Dal canto suo Cesare De Seta, nel suo volume del '72 Cultura architettonica in Italia tra le due guerre includeva Paolo Mezzanotte, con Ponti, Lancia, Magistretti, Muzio tra gli uomini di punta epigoni del neoclassicismo lombardo. Di lui veniva ricordata, non senza riserve di ordine stilistico, la Casa del Fascio di via Nirone (non gia' il Palazzo della Borsa), mentre si riconosceva all'intero gruppo una capacita' di semplificazione e razionalizzazione del lessico neoclassico e accademico idonea a preparare il campo perche' maturassero un linguaggio e una poetica moderna in senso europeo. Stranamente ignorato nel voluminoso catalogo della mostra milanese sugli anni Trenta (1982), il Palazzo della Borsa figura invece con puntuale segnalazione _ sia pure con la qualifica di "greve" riferita alla facciata _ nell'ultima edizione della Guida di Milano del Touring Club Italiano. Si tratta della medesima facciata di cui molti anni prima un grande scrittore lombardo, Carlo Emilio Gadda, aveva percorso i gradini, come si legge in un suo scritto giornalistico poi raccolto nelle Meraviglie d'Italia. Da bravo ingegnere Gadda, si sa, teneva molto al decoro dei palazzi milanesi e amava le costruzioni fatte a regola d'arte, con materiali duraturi. Tuttavia della Borsa milanese non gli interesso' l'assetto architettonico quanto invece la frenetica attivita' che vi si svolgeva, con le connesse risorse della tecnologia. «Una volta entrato alle grida _ cosi' egli scrisse _ non fu piu' possibile capirci. Appena la bussola si vuoto' di noi nella sala che con gli orecchi intronati levai l'anima alla tavola delle quotazioni: dove, bianchi o scarlatti nelle caselle, numeri luminosi trascorrevano e cangiavano con una mobilita' di lucertole. Il pandemonio consueto era in quel momento all'esasperazione: "cati'ni, cati'ni". Questa coda paróssitona d'un nome di citta' termale che non riusciva a emergere nella sua interezza nacque a un tratto, furibondo urlo a dominare il baccano».

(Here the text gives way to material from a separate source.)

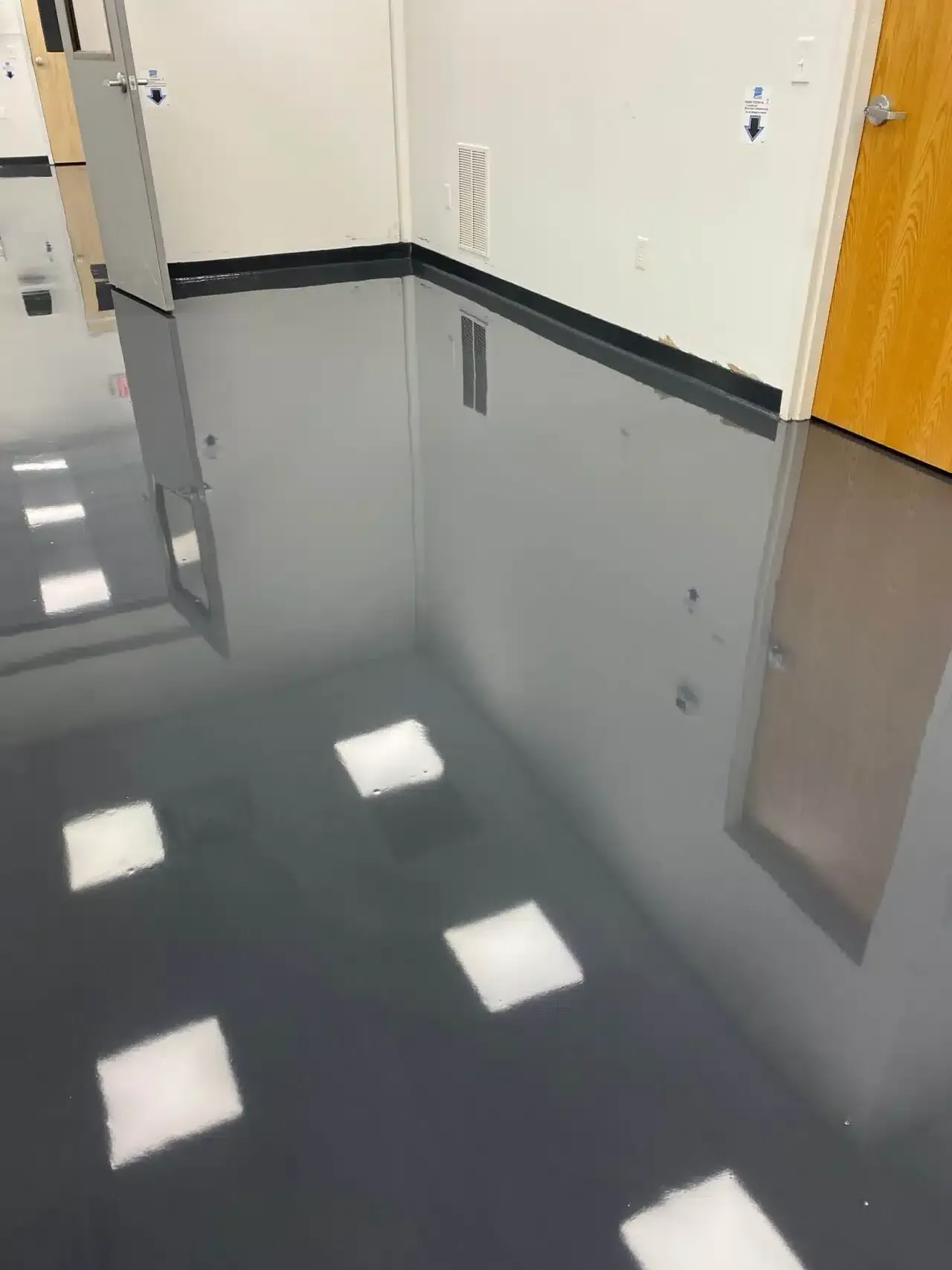 Flooded hallway with reflective water, white floor tiles, and a yellow door along the right wall.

La vivida rievocazione gaddiana ci richiama alla funzione passata e presente del Palazzo: funzione che e' al centro del referto finale di Alberico Belgiojoso sui lavori di ristrutturazione ora conclusi. Premessa la permanenza della Borsa, almeno per il momento, nell'odierna sede, il progetto dei lavori stessi ha obbedito ad alcuni criteri essenziali: riesame, tenuto anche conto delle nuove sofisticate attrezzature telematiche, dei modi con cui vengono oggi svolte le attivita' borsistiche nel mondo; ricerca di una flessibilita' tale da consentire l'uso del Palazzo anche per altre finalita', affini o di diversa natura; conservazione per quanto possibile, a cominciare dalle superstiti vestigia del teatro romano, di un impianto architettonico, facciata compresa, che va ormai considerato come un documento di importanza storica del Novecento milanese e, al tempo stesso, volonta' di attuare nelle parti nuove un efficace rapporto con l'architettura preesistente e una immagine rappresentativa della funzione specifica dell'edificio.

Ma e' un argomento, o meglio una serie di argomenti, che richiederebbero ben altri sviluppi, fuori dei limiti di competenza di chi scrive. Conviene dunque rimandare in proposito il lettore alla lucida relazione del responsabile dei lavori di ristrutturazione, Alberico Belgiojoso, e all'esauriente corredo iconografico che la accompagna.